Lemire retorna para o presente para então revisitar outras épocas do passado de Lou e Vince, aos poucos construindo uma bela, mas ao mesmo tempo angustiante narrativa de amor encontrado e perdido, de família unida e separada, de vidas consumidas pela dor. Se Contos da Fazenda foca no amadurecimento de um menino, Histórias de Fantasmas usa o fim de uma vida para estudar o auge dela, criando a percepção exata de finitude e da importância de decisões que tomamos ao longo das décadas e as consequências que elas acabam trazendo.

Por fim, Enfermeira do Interior encerra a “saga” do Condado de Essex focando justamente na enfermeira que ganha destaque antes como a cuidadora de um Lou velho e fragilizado. Nela, a narrativa retorna ainda mais no tempo, para 1917 e também para o período em que Contos da Fazenda se passa e também ao de Histórias de Fantasmas, com a narrativa servindo de cola unificadora de tudo o que veio antes. Das três, essa terceira é, talvez, a única delas que não fica completamente de pé de maneira isolada, pois é evidente que Lemire a criou justamente como sua maneira de criar o entrelaçamento final de seu épico pessoal. Mas isso de forma alguma detrai da experiência, pois a história é, ao mesmo tempo, o começo e o fim de tudo que o autor  expõe, criando um arco narrativo amplo e umbilicalmente conectado ao longo de quase 100 anos de história. Os dois contos finais, O Clube de Boxe do Condado de Essex e A Triste e Solitária Vida de Eddie Orelhas de Elefante tratam de histórias no mesmo lugar, mas sem o tipo de conexão que as três principais têm, servindo muito mais de detalhamento do universo rural criado por Lemire com base em suas memórias e desejos de criança.
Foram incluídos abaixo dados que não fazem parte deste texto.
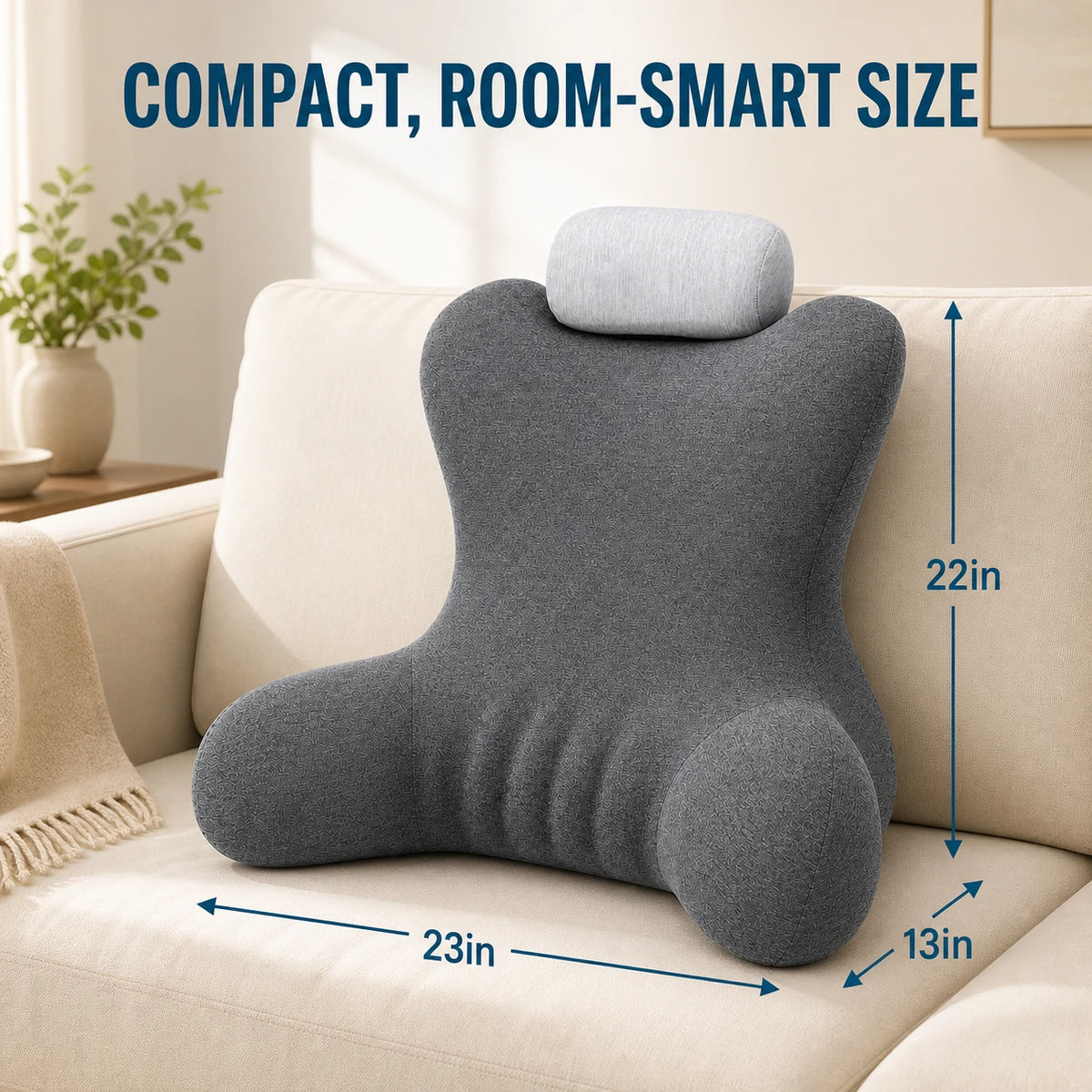A dark gray contoured lumbar pillow with a matching light gray headrest cushion, displayed on a beige sofa. Blue dimension lines and text overlay indicate its size as 23 inches wide, 22 inches tall, and 13 inches deep, with the headline 'COMPACT, ROOM-SMART SIZE' at the top.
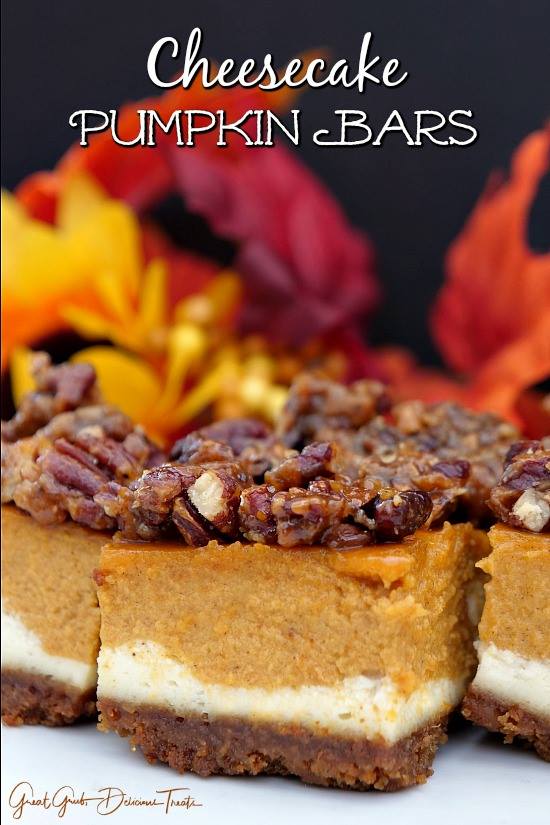Pecan-topped cheesecake pumpkin bars clustered together on a white surface with autumn leaves in the background.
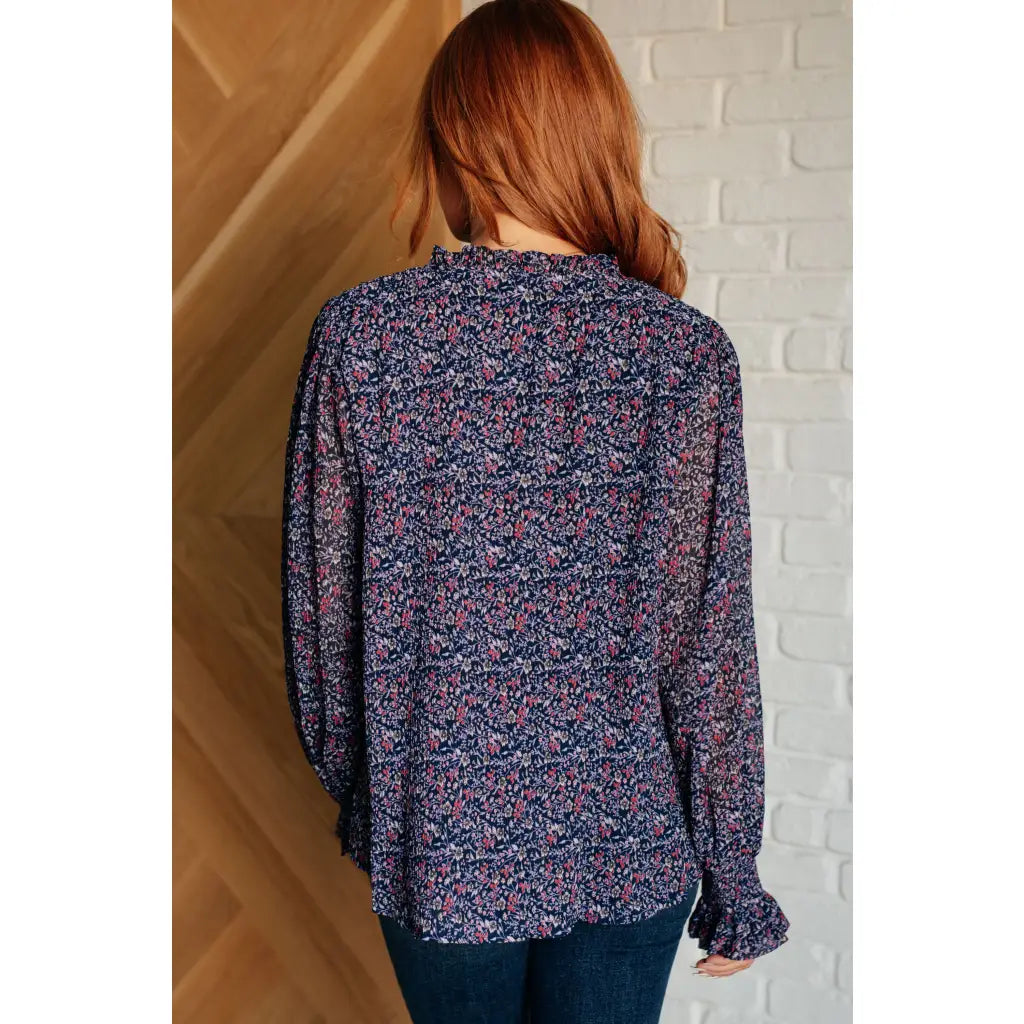 Add a touch of dreamy romance with our Lucid Dream Ruffle Neckline Blouse in Navy. Made crinkle woven fabric ditsy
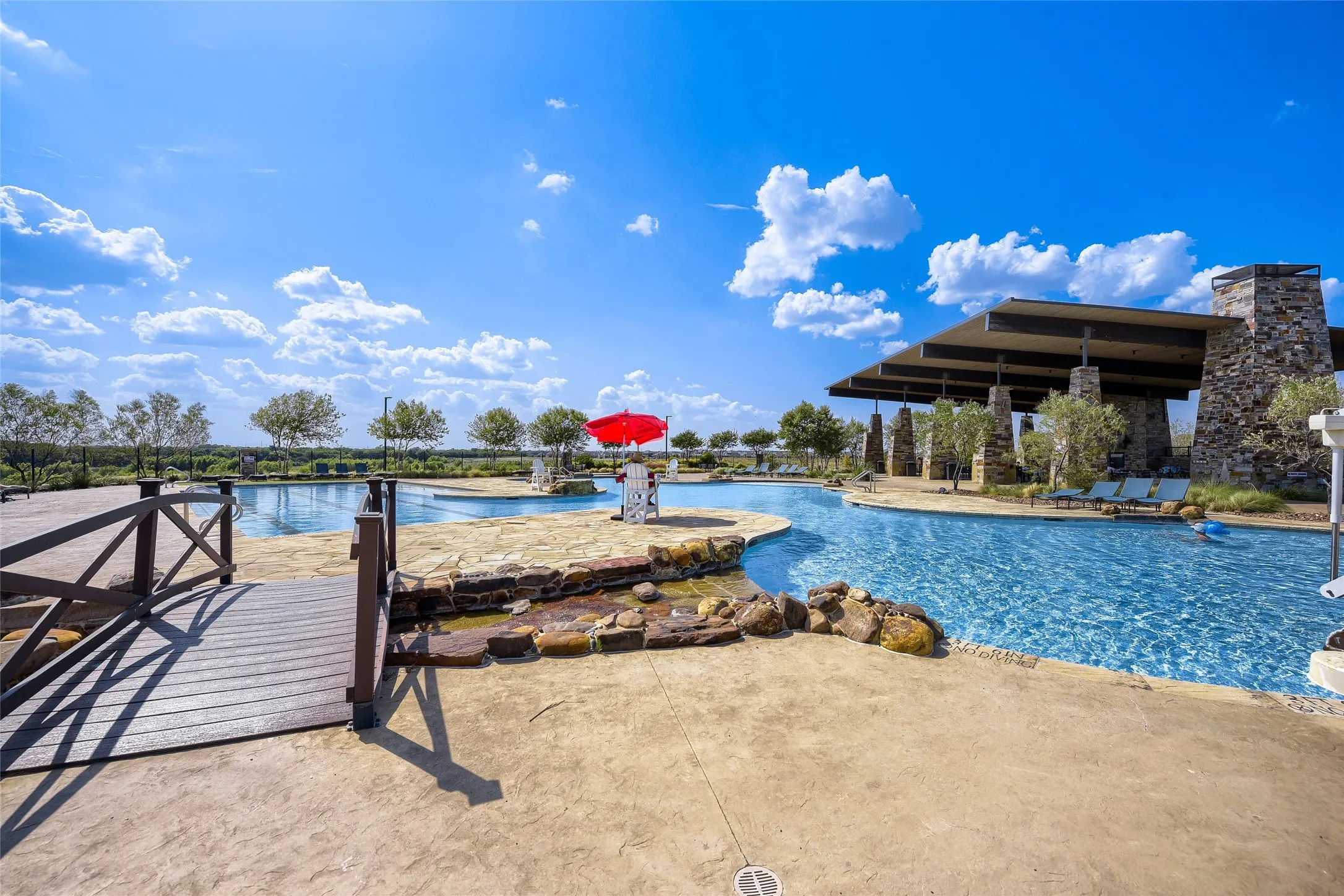 Expansive outdoor aquatic area featuring a multi-level pool, a decorative bridge with dark wood-finish decking, and a covered lounge structure with stone-clad columns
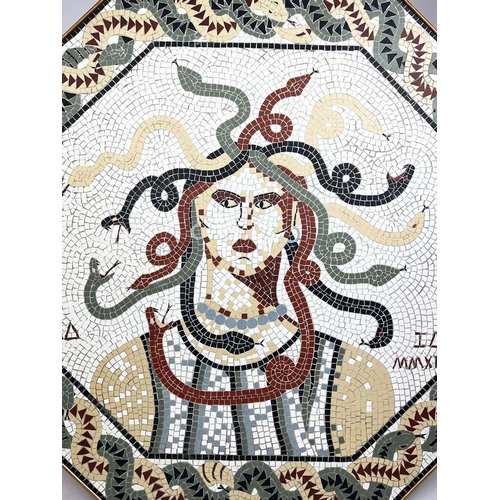 165 - MEDUSA HEAD MOSAIC PANEL, after the antique, with entwined snake design border and Roman numerals fo... 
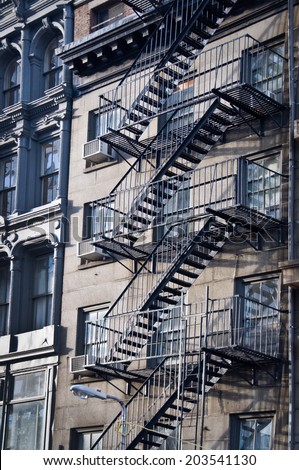 Outside metal fire escape stairs, New York City, USA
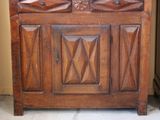 a wooden cabinet with a mirror on top of it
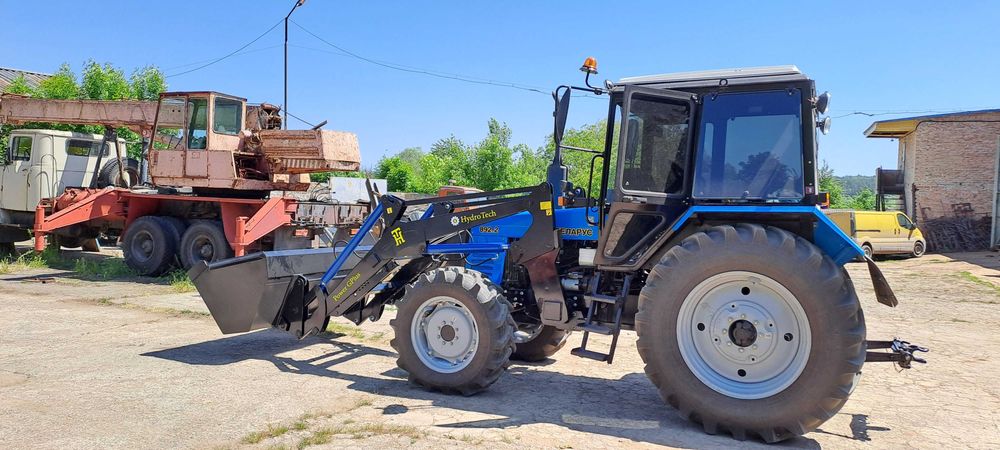 Быстросйомный фронтальный погрузчик кун Юмз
Condado de Essex é um autor encontrando equilíbrio. Ele sai de sua pegada sombria em Ashtray e em Cães Perdidos, ambas autopublicadas, e consegue fazer da luz e da sombra grandes parceiras que refletem a vida como ela é, repleta de altos e baixos, de alegrias e tristezas, de amor e de arrependimento. Mais do que isso ainda, essa graphic novel marca o momento em que Jeff Lemire dá forma final à sua voz, em que ele mostra para si mesmo e para o mundo que ele tem absoluto domínio de sua técnica e que ele tem muita coisa a dizer. Condado de Essex é uma daquelas obras-primas de começo de carreira que se tornam a base para tudo, absolutamente tudo que viria a seguir.

Condado de Essex (Essex County  – EUA, 2007 a 2011)
Contendo: Tales From the Farm, Ghost Stories, Essex County Boxing Club, The Country Nurse e The Sad and Lonely Life of Eddie Elephant-Ears
Roteiro: Jeff Lemire
Arte: Jeff Lemire
Editoria: Chris Staros
Editora original: Top Shelf Productions
Datas originais de publicação: Tales From the Farm (07 de março de 2007), Ghost Stories (10 de outubro de 2007), Essex County Boxing Club (2008), The Country Nurse (14 de janeiro de 2009) e The Sad and Lonely Life of Eddie Elephant-Ears (2011); 2009 (encadernado sem a última história); 2011 (encadernado completo – versão lida para a presente crítica)
Editora no Brasil: Editora Mino
Data de publicação no Brasil (encadernado completo): agosto de 2017
Tradução: Dandara Palankof
Páginas: 516



[Fonte Original]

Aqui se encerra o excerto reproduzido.